Yukarıda açıklanan bu yasa değişiklikleri birlikte değerlendirildiğinde; Enerji Piyasası Düzenleme Kurumu kararlarına dayanılarak alınmış olan ve dava konusu yapılan bedeller ile ilgili olarak açılan ve halen derdest olan davalar, bu yasa değişikliklerinin yürürlüğe girmesiyle birlikte konusuz kalmıştır.
Bu noktada uyuşmazlık; davalının, davanın açılmasına sebebiyet verip vermediği, bu bağlamda davacı yararına vekalet ücretine hükmedilmesinin gerekip gerekmediği noktasında toplanmaktadır.
Yargılama harç ve giderleri, kural olarak davada haksız çıkan tarafa, eş söyleyişle aleyhine hüküm verilen tarafa yükletilir (HMK m. 326/I). Bu cümleden olarak, davayı kazanan taraf, davayı bir vekil aracılığı ile takip etmişse, haksız çıkan taraf, yargılama gideri olarak vekalet ücreti ödemeye de mahkum edilir (HMK m. 323/1-ğ).
Bir tarafın, dava açıldığı andaki mevzuata veya içtihat durumuna göre davasında veya savunmasında haklı olup da, dava açıldıktan sonra yürürlüğe giren yeni bir kanun hükmü veya yeni bir içtihadı birleştirme kararı gereğince davada haksız çıkmış olması halinde, yargılama giderlerine mahkum edilemeyeceği kuşkusuzdur.
Burada önemle vurgulanmalıdır ki, bir kimseye diğer tarafın dava giderlerinin yükletilmesinin nedeni, o kimsenin diğer tarafın gider yapmasına haksız olarak sebebiyet vermiş olmasıdır. İşte bu nedenledir ki, dava açıldığı anda haklı durumda bulunan tarafın, yargılama sırasında meydana gelen mevzuat değişikliği sonucu haksız duruma düşmesi halinde yargılama giderlerinden sorumlu tutulması olanaklı değildir.

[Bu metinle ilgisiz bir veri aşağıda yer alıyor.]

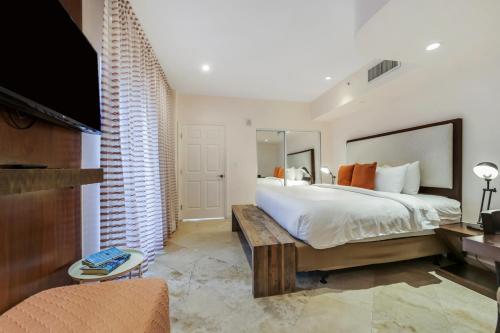 Casa Victoria Orchid Hotel in Miami Beach, USA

Dosyamızda davacı, davanın açıldığı andaki mevzuata ve içtihat durumuna göre dava açmakta haklıdır. Eş söyleyişle, davaya konu bedelleri tahsil eden davalı, davanın açılmasına sebebiyet vermiştir. Davacı tarafından, davalıdan kayıp-kaçak, dağıtım, iletim, perakende satış hizmeti ve sayaç okuma bedellerinin tahsilinin talep edildiği davada, “karar verilmesine yer olmadığına” dair verilen karar, yargılama sırasında yürürlüge giren yasa değişikliğinin bir sonucudur. Bu itibarla, dava açıldığı tarihte, yapılan yasa değişikliği henüz ortada bulunmadığından, dava tarihi itibariyle davacının dava açmakta haklı olduğu her türlü duraksamadan uzaktır.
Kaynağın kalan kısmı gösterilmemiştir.